The LEDs are below the high chair tray, aimed up through small holes. I hot glued translucent plastic containers from an art store over the holes, which glow nicely. Be warned, babies are stronger than hot glue, although there’s no danger if the containers get ripped off. You could probably skip the holes and containers, since the LEDs are bright enough to show through the tray.

Also check out the BABYTRON for more blinking.

Switches!

My grandfather built a panel of light switches from WWII surplus for my dad as a toddler, and my dad built a panel of buttons connected to indicator lights for me. So now, I’ve built the Model C, a set of light switches for my daughter. It’s easier than holding her up to play with the house lights.

switches

These switches are connected to white LEDs, powered by two C batteries. The switches are hot glued to holes drilled in a board, covered with plastic containers from an art store.

I used the LED wizard to figure out what resistor to use. Burnt out LEDs stink, literally.

Next up, the Model D, using programmable LEDs in a high chair.

[UPDATE] The lights are in holes beneath translucent plastic containers. I put some cheap plastic Easter eggs inside, and voila! Now in color!

switches-color

Toddler’s Cardboard Computer

My one-year old daughter looooooves buttons, and always wants in on the action when someone’s using a computer… so I transformed her new car seat box into the BABYTRON, inspired by the Burroughs B205.

It features a keyboard, arcade buttons, and a strip of LEDs from Blinkinlabs.

The LEDs have a built-in controller, so no wiring was required beyond USB power. In fact, the whole computer was assembled only using glue, tape, scissors, and string. The buttons don’t control anything — but they do make a satisfying “click” when pressed.
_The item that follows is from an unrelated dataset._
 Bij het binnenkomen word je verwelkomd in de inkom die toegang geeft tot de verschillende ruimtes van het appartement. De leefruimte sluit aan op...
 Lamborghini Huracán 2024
There are several ways to talk to the Blinkinlabs LEDs. I’m familiar with Adafruit’s NeoPixel library, so I told the Arduino IDE that it was a Leonardo, assigned data to pin 13, and uploaded my sketch. Code here.

I kept the brightness of each LED below 20 out of 255, because they’ll hurt your eyes if fully on. It’s also running off a portable USB battery pack, so I wanted to keep the power draw fairly low.

I did consider adding a tape drive, using a paper plate behind a round plastic cover from a food delivery container, powered by a LittleBits motor. Next time.

It turns out that this is ideal for someone who’s able to stand up while holding onto something, but can’t walk on their own. My daughter’s younger friends love it. But she’s now savvy to the buttons not doing anything, and is most interested in the power button — the one that mom and dad push. Time to build something else and recycle the BABYTRON.